Renato Russo em show no Metropolitan (RJ). Crédito: www.legiaourbana.com.br/ isabela kassow

Saímos de lá felizes. E cansamos no caminho de volta para casa, a pé. Não é uma distância longa do Parque Antarctica ao Bom Retiro, onde morávamos. Mas o stress esgotou a gente.

Toda essa história demonstra como sou ligada à banda e ao Renato Russo. Muitos anos depois, comprei um livro para saber da vida dele. Li, curti, emprestei. Vi diversas reportagens a respeito dele. Sou uma fã realmente. Com a vantagem de entender algumas coisas daquele tempo. Somos, eu e ele, integrantes de uma geração (a diferença de idade é de oito anos). Os novos fãs talvez não captem certas nuances da história. Ou não. Pode ser que eles sejam bem espertos e informados e eu queira apenas me gabar de ter vivido na mesma época que o Renato Russo.

Um filme bom, mas longe de ser o que eu queria.
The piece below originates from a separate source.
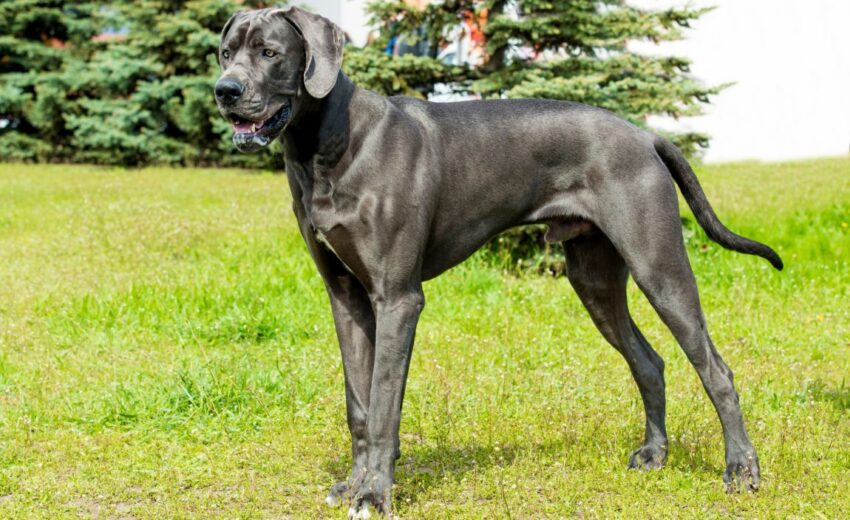 10 Steps to Caring for a Great Dane: Everything You Need to Know 4 Caring for a Great Dane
Normal...

Ao ver "Somos tão jovens" fui transportada a um tempo que conheci. Minha irmã caçula, que também adora Legião, é dez anos mais nova do que eu e não deve ter percebido o clima daquela época do surgimento da banda (ela era uma criancinha). O ator que interpretou Renato Russo provavelmente também não sentiu isso na pele como eu, embora ele tenha feito um poderoso trabalho de imersão. Consegui ver o músico nele (ligeiramente forçado em certos momentos, na minha opinião).

Não é um filme perfeito. Achei bom. Não mais do que isso. Há momentos em que parece meio sessão da tarde, confesso. Mas resgata um período do Brasil (resgata ou apresenta, dependendo do grau de conhecimento de quem vê). Tem o mérito de trazer de volta essa atmosfera do início dos anos 80, que era um pouco perdida, um pouco em busca. Quem éramos nós, afinal?
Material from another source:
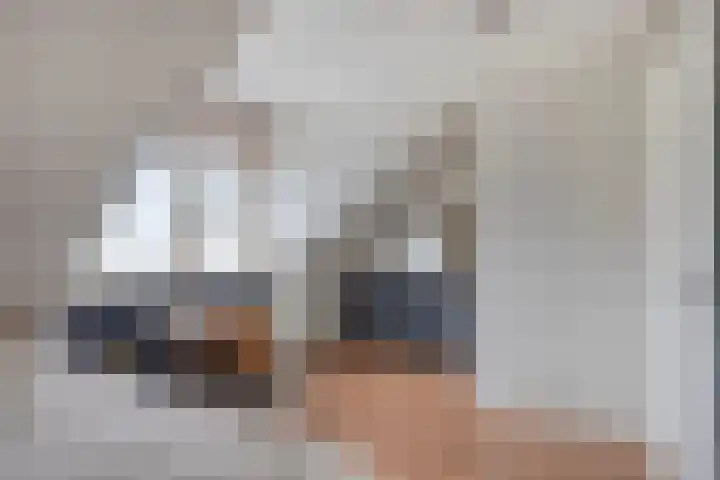Het Reut 206 Berghem thumbnail 24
Thiago Mendonça interpreta bem o Renato Russo jovem. Muito verossímel

O longa tem bons atores. Conta uma história direitinho e inventa um personagem para ser ponte para a complexidade do jovem Renato Manfredini Jr ("Ana", uma mulher que representa diversas amigas). Só que, na hora em que imaginava ver Renato Russo tornando-se o cantor das multidões (sem comparações com Orlando Silva, ok), o filme acaba. Parece pedir uma continuação. Mas também não fornece elementos que preparem o espectador para uma continuação. Por que foram botar no fim o vídeo real de uma música tocada no Circo Voador? Não precisava disso. Gerou-me esta impressão: "até aqui é filminho, agora é documentário, coisa real". E o vídeo ainda foi longo. Nada contra esse registro da realidade. Como fã, gosto. Só que ele tem de estar inserido no contexto certo, não para deixar gente "felizinha". O objetivo foi esse? Agradar com um bônus?! O longa é uma ficção, não um documentário. Não necessita de apelações.
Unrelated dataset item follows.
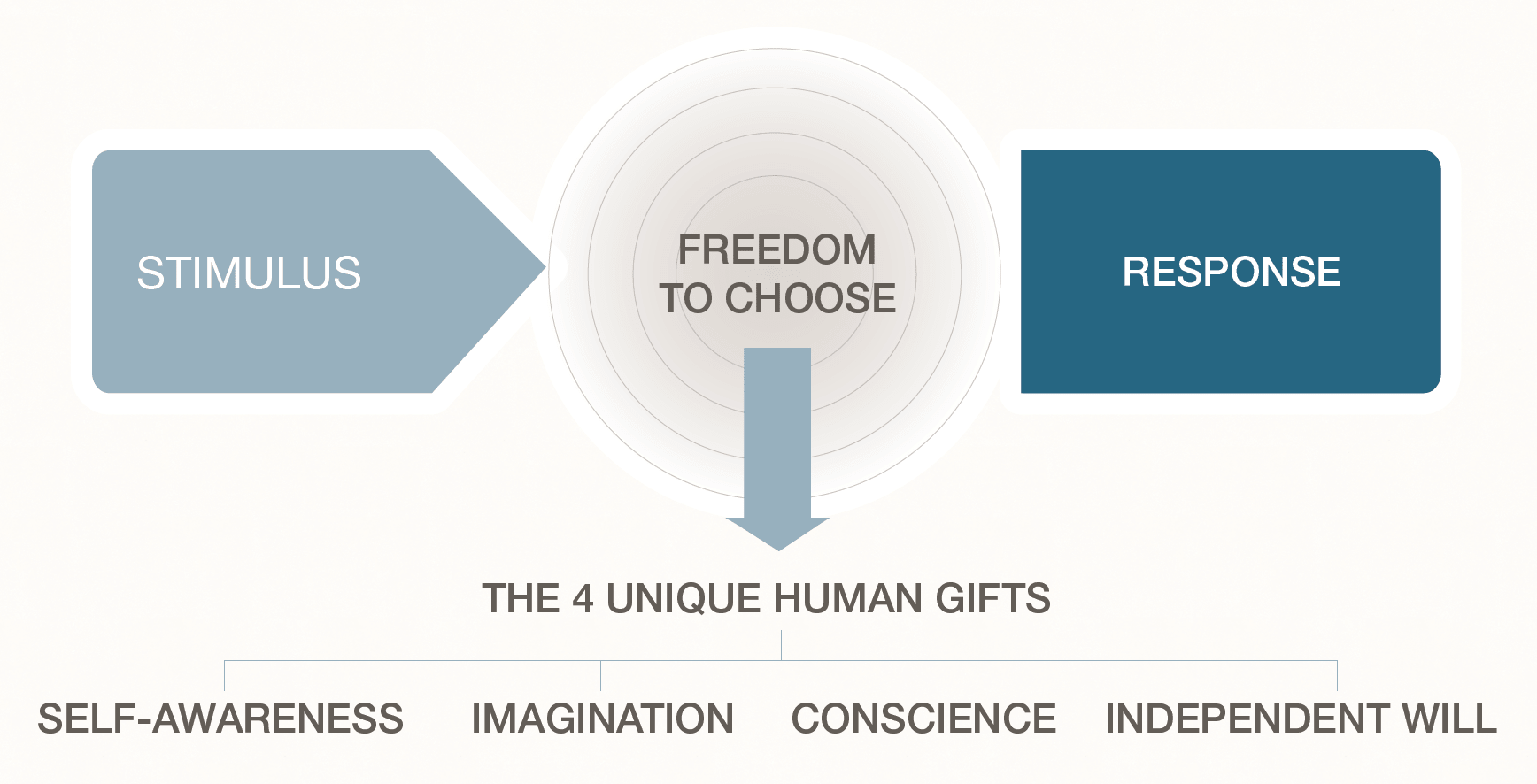 7 Habits (H1) Circle of Influence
De todo modo, se pensaram em fazer "Somos tão jovens 2" eu sou contra. Um bom filme sobre Renato Russo não deveria ter sequência. Tem de ter princípio, meio e fim. Não estamos falando do Homem de Ferro, ora (ops, eu adoro o personagem!). Trata-se de um homem de carne e osso, que viveu, amou, apaixonou, sofreu e morreu. Começo, meio e fim.

Outros filmes podem ser lançados. Gostaria de vê-los, se surgirem. Ainda espero que façam um filme que me diga quem foi ele e como ele se foi. E que mostre a tristeza que senti quando Renato Russo morreu, dando-me aquela sensação de que o mundo será mais justo se a gente um dia puder se encontrar. Palavras de uma fã.